El otro día, en una fiesta de por aquí -no digo cuál, no hay por qué hacer publicidad negativa- hubo palos. Dos tipos se pelearon con ganas y hasta llegaron a agarrar sillas para darse con ellas tipo película del Oeste. Hubo un pacificador lesionado pero, aparte de eso, la cosa no fue a mucho más. En cualquier caso, saberlo me ha bastado para volver a pensar en el porqué de la violencia.

Me es más fácil comprender -aunque no aceptar, ni mucho menos- la violencia más dura, la más extrema: la guerra. Detrás siempre hay fanatismo interesado, deseos de dominar y peces gordos de los que nunca hemos oído ni oiremos hablar que sacan tajada vendiendo armas, ganándose el favor -muchos favores, en realidad- de países enteros y haciendo caja a costa del mal ajeno.

Respecto al terrorismo hay poco que decir.
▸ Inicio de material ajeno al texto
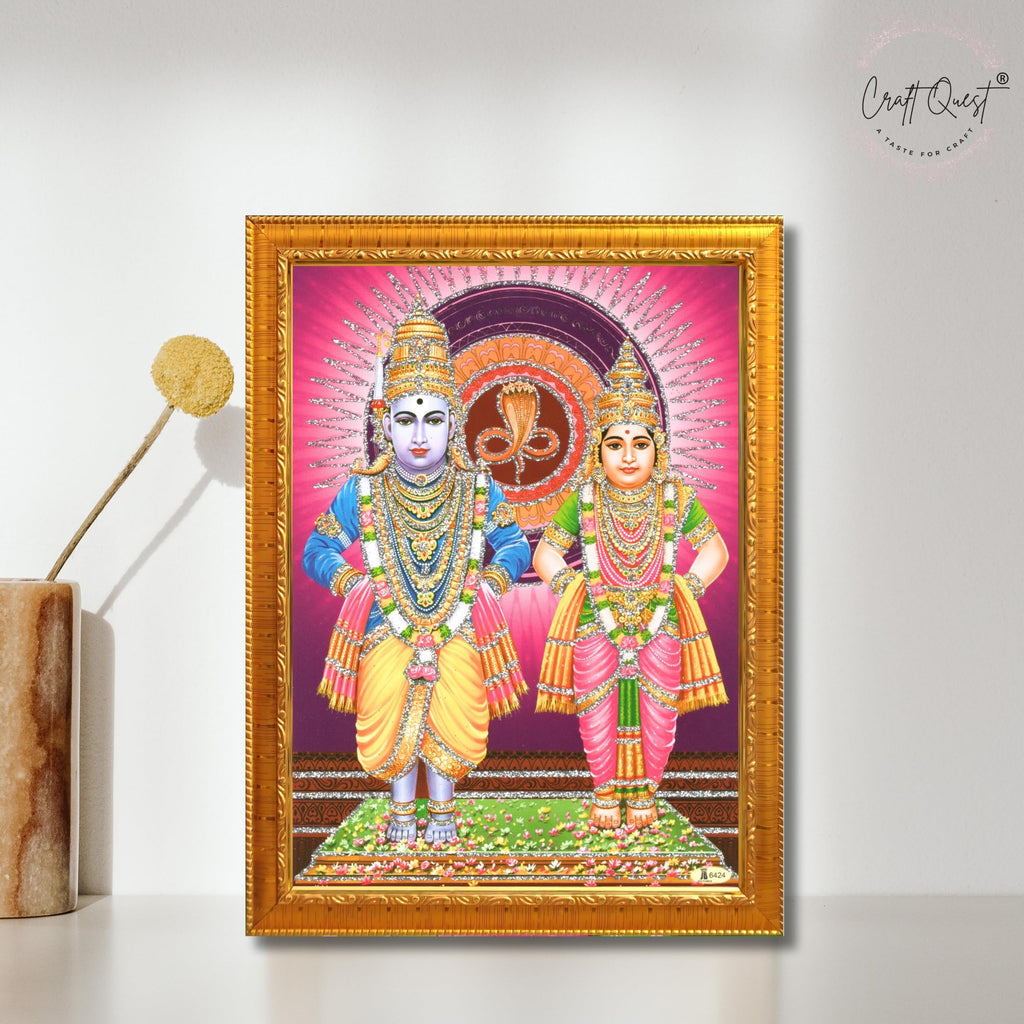 CRAFT QUEST Shri Vitthal Rukmini Photo Frame with Acrylic Sheet Wall Hanging/Gift/Temple/puja Room/Home Decor Frame Item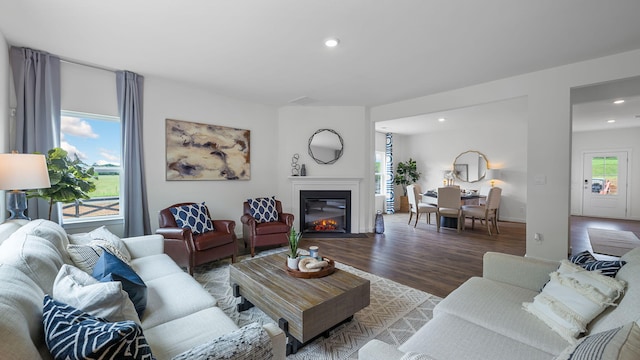 living area featuring a glass covered fireplace, wood finished floors, and recessed lighting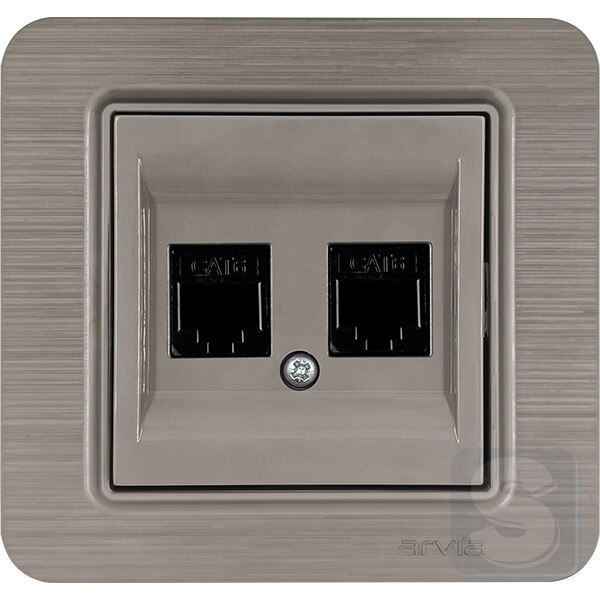 Розетка компьютерная двойная RJ45х2 cat 6 Arvia Electric Lavin Медь (21 28 4010 248)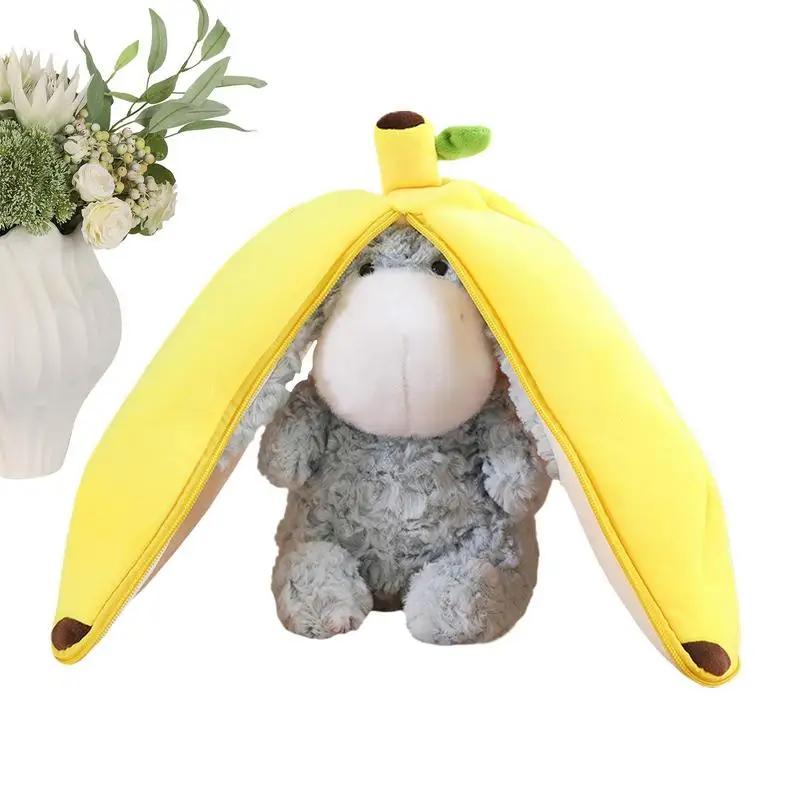 

Donkey Stuffed Animal Children Banana Animal Accompany Plushies Fruit Donkey Toy For Hugging Relaxing Boys & Girls Plush Throw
El fanatismo es muy fácil de entender y muy difícil de aceptar. Lo mismo que la violencia familiar. En ambos casos, zurrar es siempre un atajo. Como tienes el alma corta y no puedes controlar a los otros, los sometes por el cuerpo, que es mucho más fácil. Es estúpido pero es así.

Lo que se me escapa es la violencia de chigre, la violencia porque sí, el "sujétame que lu mato", el "sal fuera si tienes huevos". Hay algo extraordinariamente tonto en esa violencia y, sin embargo, tiene todavía muchos adeptos. Lo malo es que la tontuna no se puede combatir con sensatez. Eso de que dos no riñen si uno no quiere no siempre es cierto. Si le pisas un callo a un tío con ganas de pelea es posible que lo apacigües, pero también puede ser que te caiga un puñetazo.

Dicen que, estadísticamente, el mundo es cada vez menos violento. Ya sea cierto o no, a mi no me gusta la violencia. Para mi, es como el pop para mi tío Falo. Un día le preguntaron qué opinaba de la música pop en general, y el contestó sin despeinarse:

-A mi el pop no me gusta ni en general ni en butaca.